First Solar CEO Mark Widmar has warned that the US is at risk of “adding Ohio, Texas, Arizona and other states to the locations that host China’s downstream solar manufacturing.” We agree. Widmar also advocated that 45X advanced manufacturing tax credits be restricted so as to not apply to Chinese manufacturers.
Widmar stated that China has a strategy of maintaining upstream supply chain control while also seeking to control downstream manufacturing outside its borders. This may be a deliberate strategy, but it is also an organic and predictable outcome, since reshoring efforts were always going to find wafer-polysilicon hardest, as this is where China’s energy cost advantage is most salient. It’s also not surprising that Indian and US policies incentivizing manufacturing expansion should attract the interest of Chinese companies since those are the overwhelming majority of the global industry.
India’s latest manufacturing expansion has mostly used Mono PERC, which is slightly obsolete compared to the N-type expansion underway in China – meaning that Chinese companies have a technical edge they can use to expand within India itself (as First Solar has done), going beyond merely supplying production line equipment to Indian companies as they have done so far. In the US, the latest related announcement is Jinchen opening a subsidiary in Texas last week, with bigger developments already announced a year ago – such as 5 GW module production capacity from LONGi in Texas working with Invenergy, Jinko already manufacturing modules in Florida since 2018, a 5 GW cell factory announced by Canadian Solar in Indiana in October (Canadian Solar’s manufacturing arm is Chinese), a $200 million investment from Trina Solar in Texas announced in September, and so on and on.

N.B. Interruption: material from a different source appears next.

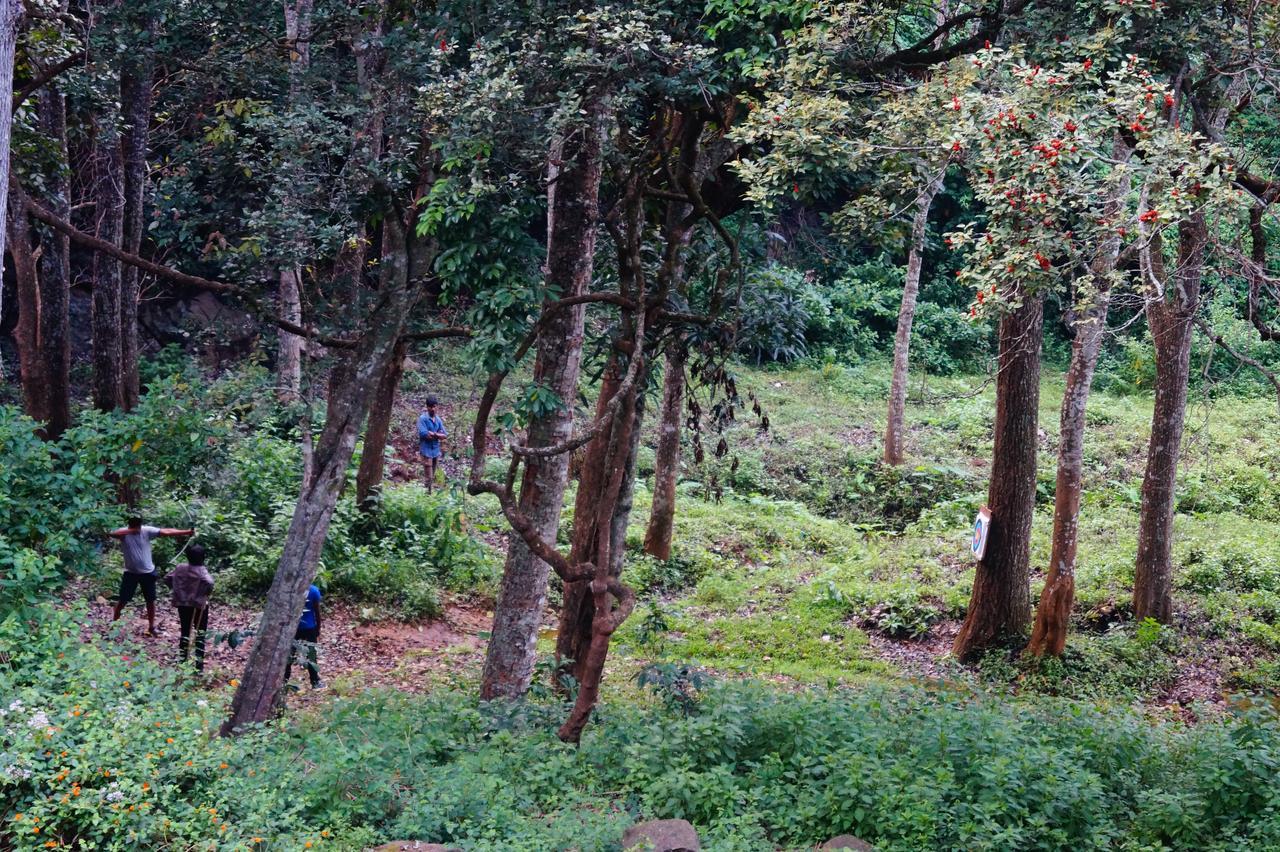 Secret Valley Jungle Resort Ooty Kültér fotó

Our recent coverage at Rethink Energy has touched on the continued strength of China’s grip on the solar wafer segment (and thus also polysilicon). Last week we came to the conclusion that Oman’s under-construction polysilicon factory is likely Chinese-owned and will initially be making only metallurgical-grade with the polysilicon dependent on future market conditions, and the previous month saw CubicPV cancelling its 10 GW wafer factory in the US, while Nexwafe has yet to announce one and Indian progress remains small.
Our conclusion from those recent events is that US (and perhaps also Indian) reshoring efforts have failed to penetrate upstream to wafer-polysilicon, effectively making it only a cell-module reshoring agenda. The EU has never gotten on board with a thorough reshoring strategy of its solar manufacturing efforts, preferring to wallow in a gigantic stockpile of Chinese imports. If near-future US political developments include a cut to IRA subsidies, this outcome will become conclusive, requiring something entirely new like perovskites to change it (and perhaps not even then, since tandems include silicon PV).
Wafer and polysilicon production outside of China is continuing to die off, with China actually strengthening its grip since the Inflation Reduction Act was brought in (CubicPV’s planned factory would’ve been reliant on many Chinese employees, because they are the people with the up-to-date expertise). At least cell and module manufacturing outside of China has increased dramatically in the past year – up almost twofold, as can be determined from Chinese wafer and cell export figures – and will continue to do so. Additionally, Widmar also mentioned a 30 GW to 40 GW module oversupply in the US in 2023.